A major problem for them was how to save the products of the annual harvest not immediately consumed. The prehistoric pueblos for centuries had resorted to deep circular pits to store corn, beans and the seeds of squash and of cotton, the latter being occasionally ground and eaten.

To cap the pit, a layer of mud was applied over the opening, so that drying it provided a tight seal for the contents. That was usually enough to keep out rodents and insects.

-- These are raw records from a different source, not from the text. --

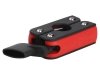 ROCKCARE Multi Tool  Metric 13-in-1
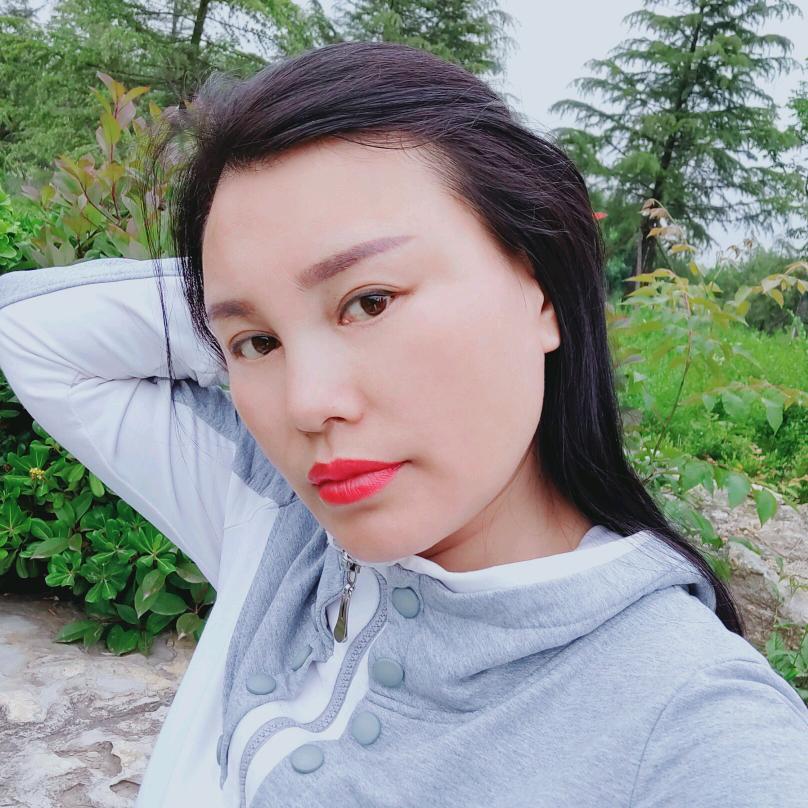 逍遥胡辣汤煎包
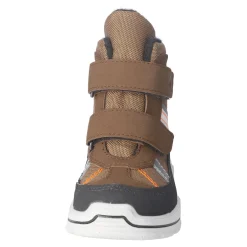 GABRIS - Winterboots Braun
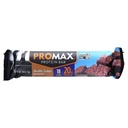 promax-energy-bar-double-fudge-brownie-1-3.jpg
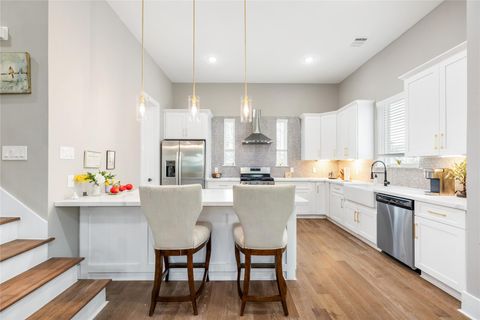 1407 W 23rd Street Houston TX 77008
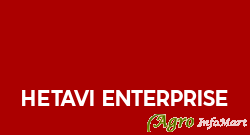 Hetavi Enterprise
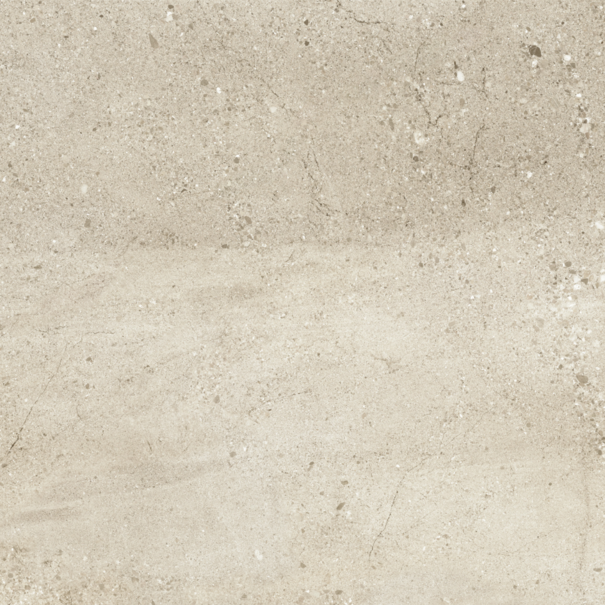 Керамогранит Delacora D60205M Romana Beige матовый карвинг 60x60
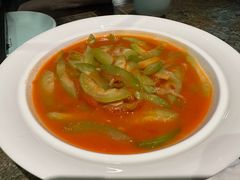 -苏帮袁Sue Cuisine(南开大悦城店)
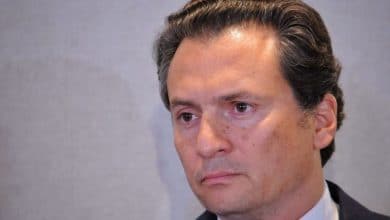 México pide a España la extradición de Emilio Lozoya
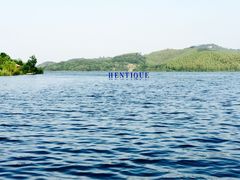 涵田度假村酒店-天目湖涵田度假村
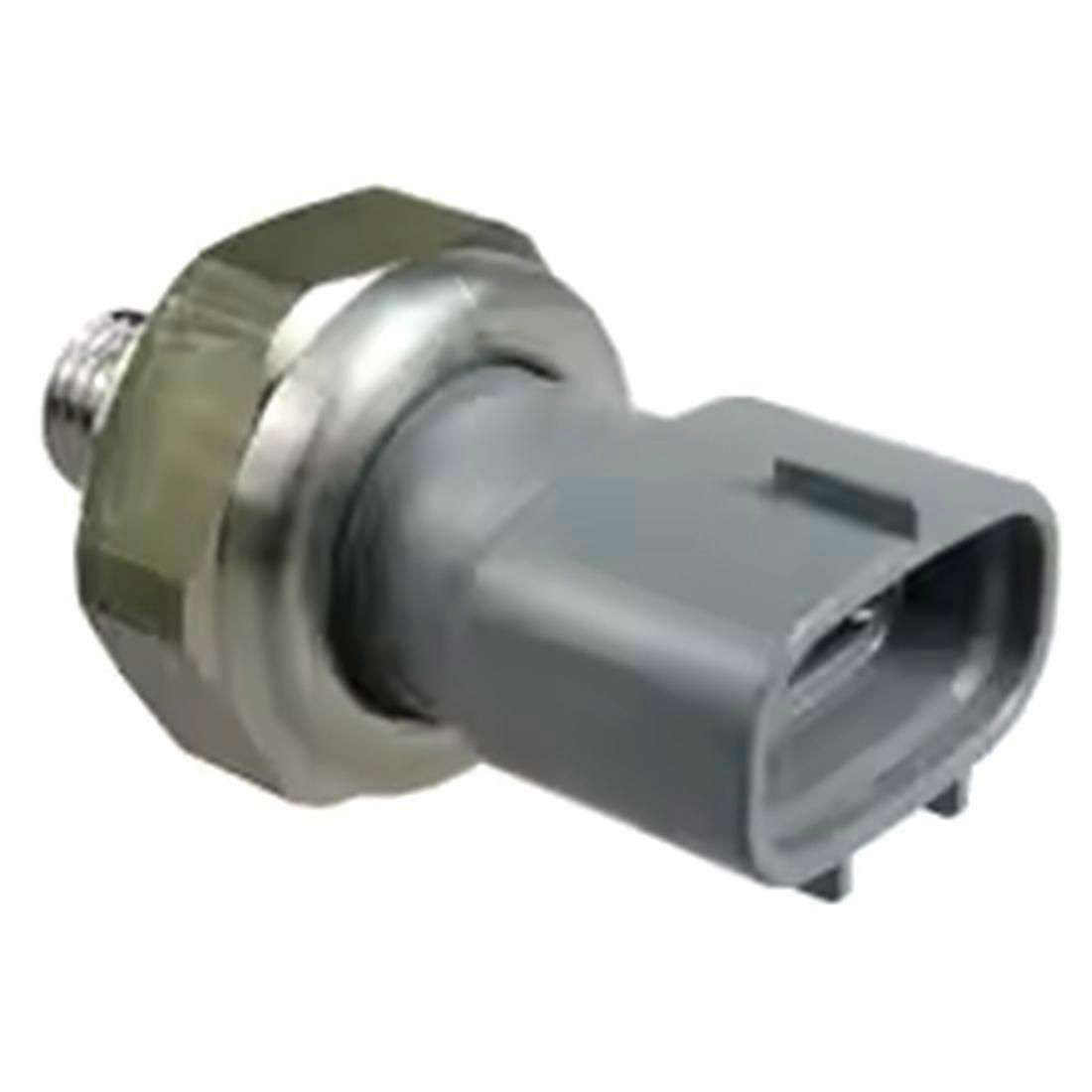 Öldrucksensor Für Honda Goldwing Gl1800 Pioneer/talon 1000 Rebel Cmx1100 Crf1000 28660-rfh-013 28660rfh013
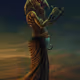 thoth19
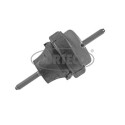 Support, moteur CORTECO 49361580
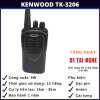 bo-dam-kenwood-tk-3206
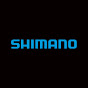 SHIMANO TV公式チャンネル YouTube channel avatar 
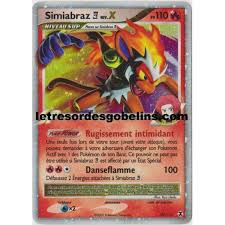 Pokemon A Imprimer Gratuit Ex Carte Pokemon A Imprimer Carte Pokemon Pokemon A Imprimer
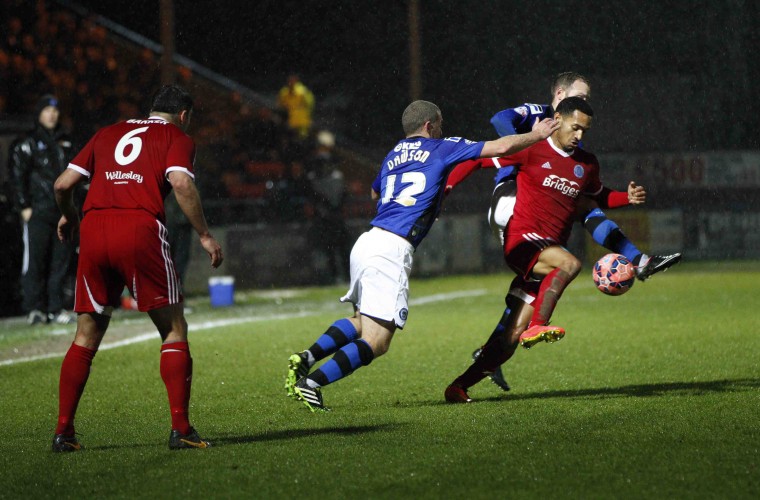 rochdale v atfc fa cup replay web 1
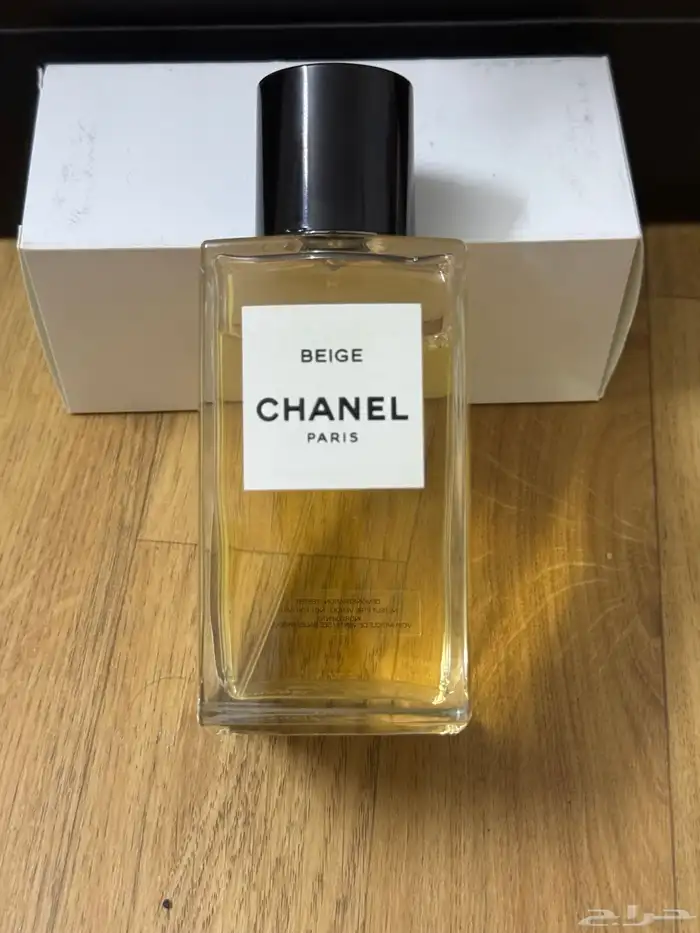 عطورت اصليه سعرنا جمله جمله نبيع حبه بسعر جمله زباين 20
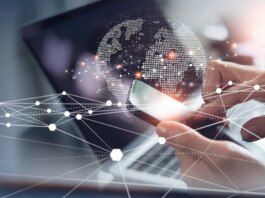 AI-Powered Browsing: How Tools Like Dia Are Redefining the Internet Experience - Deccan Herald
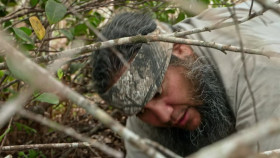 Swamp People Serpent Invasion S05E04 1080p HEVC x265-MeGusta EZTV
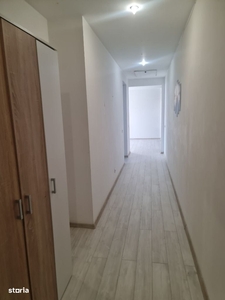 Apartament cu 3 camere decomandat | PENNY - Closca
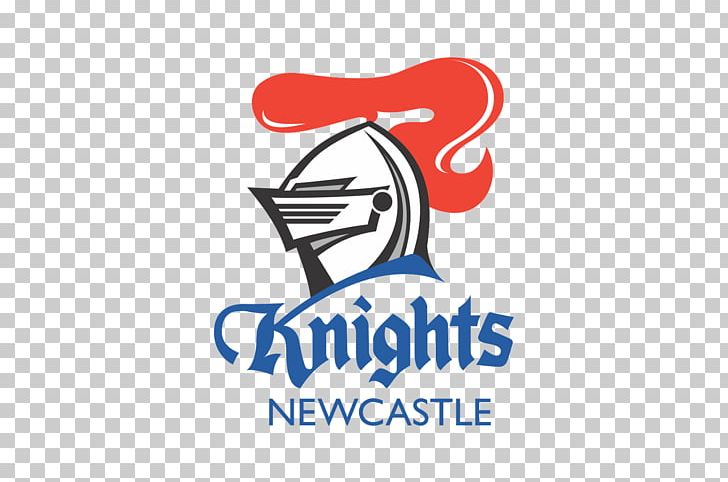 Newcastle Knights National Rugby League Canberra Raiders Cronulla-Sutherland Sharks Sydney Roosters PNG, Clipart, Area, Brand, Canberra Raiders, Canterburybankstown Bulldogs, Cronullasutherland Sharks Free PNG Download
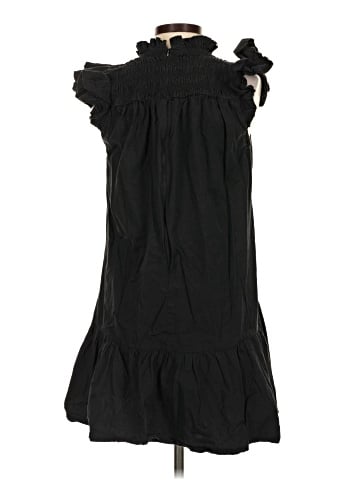 Love The Label Casual Dress (view 2)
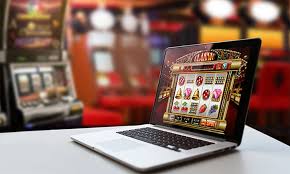 Online Casinos Not Blocked Your Guide to Unrestricted Gaming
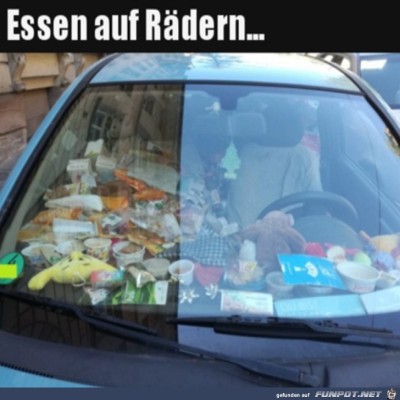 Messi-Auto.jpg von Rebecca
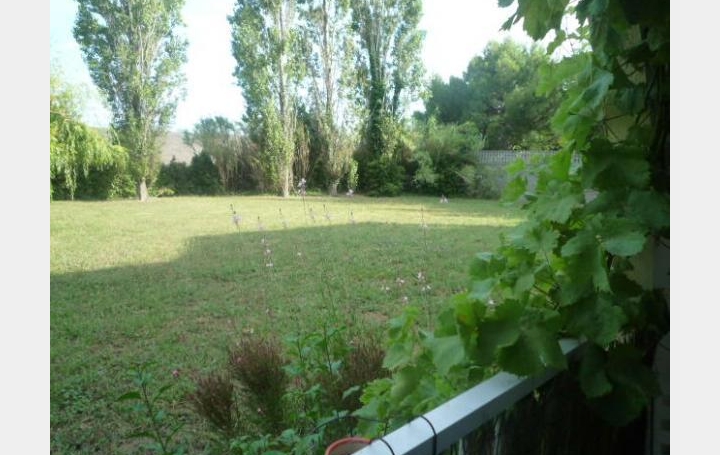 SOLIMMO : Appartement | BEZIERS (34500) | 45 m2 | 118 000 €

The colonists arriving with Oñate in 1598 were astonished to find, beginning in the Socorro Valley, the Pueblo Indians' bountiful fields, which allowed them to store up six or seven years' supply of corn. The surplus grain, they noted, was "preserved in the ear underground or in closed rooms like silos.""

Get the Story:
Marc Simmons: Trail Dust: Storing food an ancient art (The Santa Fe New Mexican 10/3)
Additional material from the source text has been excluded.